4月半ばの米財務省為替報告書で明確なドル高けん制が示された場合には「ゲームのルールが変化し、円安/ドル高のシナリオが描きにくくなる」可能性があるとみている。

ルー米財務長官は2月上旬、ドル高が進んでいることについて「ドル高は周辺国が成長策を進めている時は機能するが、海外の需要が落ちると、グローバルに展開する米企業はダメージを受ける」との見解を示した。

これまでのドル高容認姿勢を微調整した格好だが「米経済の力強さを反映している」とも述べており、あくまで微調整の範囲だ。

イエレン議長は前日の会見の中で「強いドルはインフレを押し下げる」とも述べている。

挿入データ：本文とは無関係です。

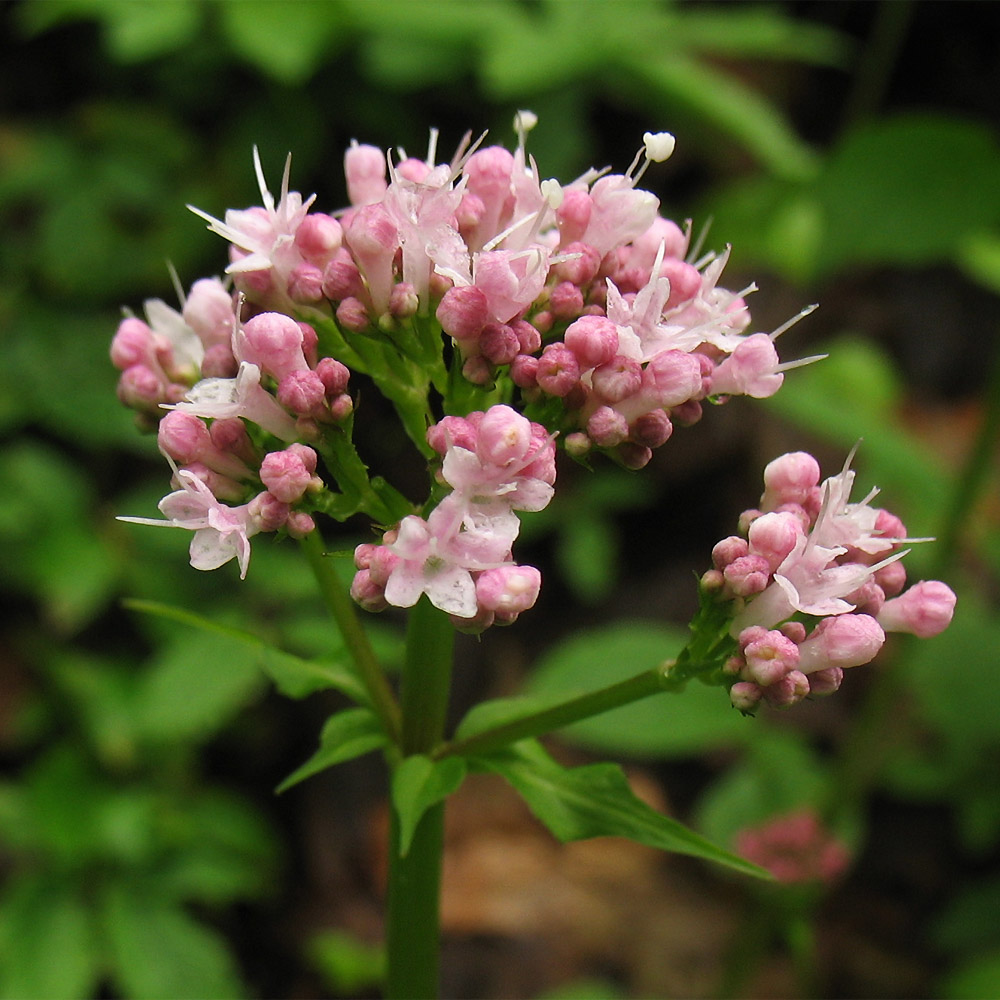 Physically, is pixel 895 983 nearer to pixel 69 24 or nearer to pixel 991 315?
pixel 991 315

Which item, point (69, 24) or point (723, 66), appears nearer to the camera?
point (69, 24)

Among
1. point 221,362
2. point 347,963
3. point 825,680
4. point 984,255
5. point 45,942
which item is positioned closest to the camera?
point 825,680

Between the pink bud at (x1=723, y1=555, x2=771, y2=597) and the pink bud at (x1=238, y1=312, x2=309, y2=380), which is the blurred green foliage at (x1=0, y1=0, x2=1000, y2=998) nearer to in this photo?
the pink bud at (x1=238, y1=312, x2=309, y2=380)

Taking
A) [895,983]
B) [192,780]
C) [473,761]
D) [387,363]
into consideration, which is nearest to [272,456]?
[387,363]

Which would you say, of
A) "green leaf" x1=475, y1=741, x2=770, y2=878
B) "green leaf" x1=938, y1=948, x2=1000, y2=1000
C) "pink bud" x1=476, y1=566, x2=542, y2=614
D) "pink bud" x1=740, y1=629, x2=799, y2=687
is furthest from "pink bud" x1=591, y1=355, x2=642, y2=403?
"green leaf" x1=938, y1=948, x2=1000, y2=1000

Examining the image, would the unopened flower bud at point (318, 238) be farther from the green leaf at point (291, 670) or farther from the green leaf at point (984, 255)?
the green leaf at point (984, 255)

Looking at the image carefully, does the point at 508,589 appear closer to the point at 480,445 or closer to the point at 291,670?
the point at 480,445

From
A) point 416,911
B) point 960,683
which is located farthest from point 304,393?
point 960,683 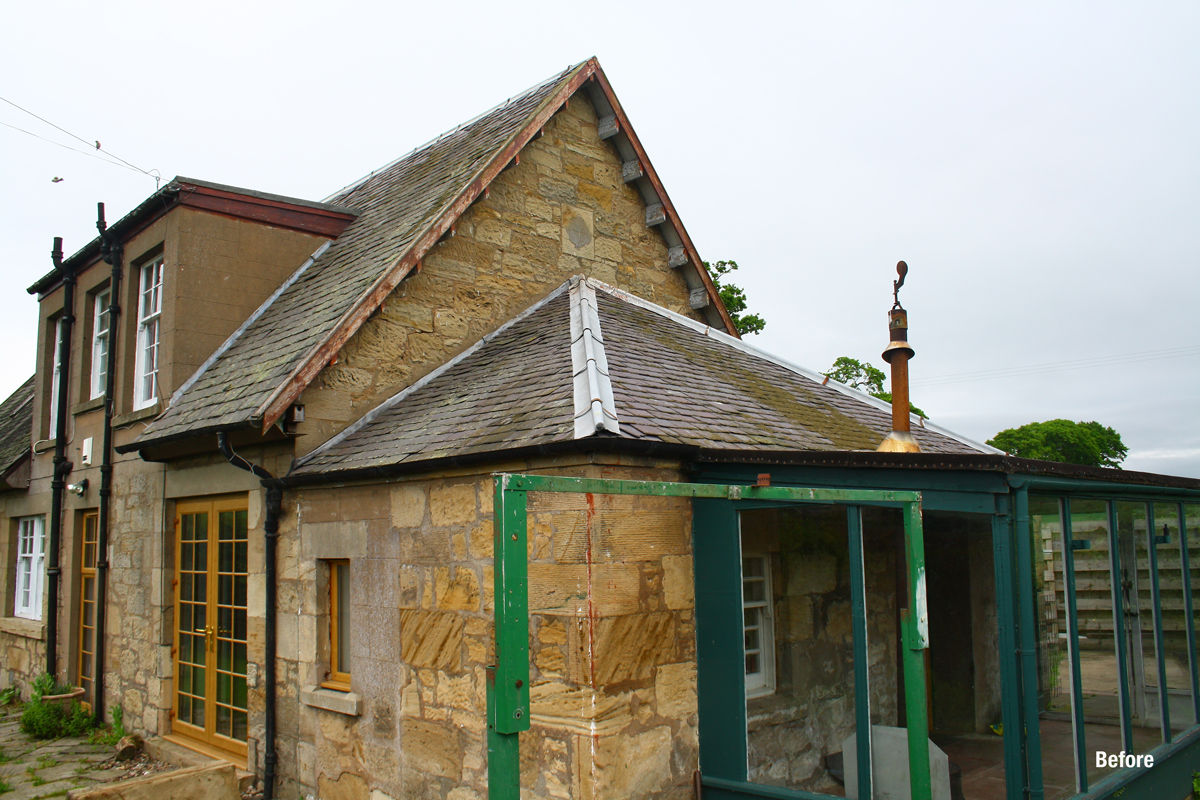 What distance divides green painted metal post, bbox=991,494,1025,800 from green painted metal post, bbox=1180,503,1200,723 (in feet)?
10.8

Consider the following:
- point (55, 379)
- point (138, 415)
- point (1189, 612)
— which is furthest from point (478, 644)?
point (55, 379)

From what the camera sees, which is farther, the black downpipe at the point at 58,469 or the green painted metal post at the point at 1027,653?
the black downpipe at the point at 58,469

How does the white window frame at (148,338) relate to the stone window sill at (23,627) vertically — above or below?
above

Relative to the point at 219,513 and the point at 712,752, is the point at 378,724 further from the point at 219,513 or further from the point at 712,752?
the point at 219,513

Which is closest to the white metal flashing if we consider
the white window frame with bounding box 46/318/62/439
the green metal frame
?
the green metal frame

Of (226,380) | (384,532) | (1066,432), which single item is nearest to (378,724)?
(384,532)

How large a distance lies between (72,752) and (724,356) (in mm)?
8072

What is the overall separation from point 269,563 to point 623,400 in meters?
3.79

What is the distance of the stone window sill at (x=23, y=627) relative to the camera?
12352 mm

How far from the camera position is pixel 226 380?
8.79 metres

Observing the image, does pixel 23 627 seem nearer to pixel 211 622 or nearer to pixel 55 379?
pixel 55 379

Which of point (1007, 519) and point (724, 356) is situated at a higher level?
point (724, 356)

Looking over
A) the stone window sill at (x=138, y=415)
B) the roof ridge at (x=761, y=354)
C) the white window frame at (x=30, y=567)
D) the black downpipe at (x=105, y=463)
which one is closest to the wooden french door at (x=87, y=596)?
the black downpipe at (x=105, y=463)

市場では「ドル高自体が金融引き締め効果を発揮し、輸出を押し下げ、景気下振れリスクを高める一方で、輸入インフレを抑制しインフレ目標の達成を遠ざけるという構図を確認した」(国内銀行)とみられている。

<円安を支えるマネーフロー>

18日の市場では、米当局者のドル高懸念に加え、FOMCの結果が総じてハト派的になったことで、米金利が急低下する中、ドルが主要通貨に対して全般的に売られ、ユーロ/ドルEUR=EBSは1.10ドル半ばと約2週間ぶり水準まで急反発した。

ドル高に対する懸念が鮮明になったことで、短期的には、ユーロなど主要通貨ペアはいったん調整局面に入る公算が大きい。

ただ、ドル/円JPY=EBSに関しては、円高圧力がそれほど高まらないとの見方が多い。国内勢の対外直接投資や対外証券投資がフロー面での下支えになるとみられているためだ。

財務省が19日に発表した3月8日─3月14日の対外及び対内証券売買契約等の状況によると、本邦勢による対外株式投資は5106億円の買い越し。買い越しは17週連続。対外中長期債投資は5511億円の買い越し。買い越しは8週連続となった。

GPIFなどの公的投資家も既に外貨建て資産の運用拡大に動いているほか、新年度になれば、機関投資家の運用計画でも、外債シフトが明確になるとみられる。円売りフローが確実に見込めるため、みずほ銀の唐鎌氏は「ユーロ/ドルの上値を期待するほど、ドル/円の下値を期待しない方がいい」との見方を示している。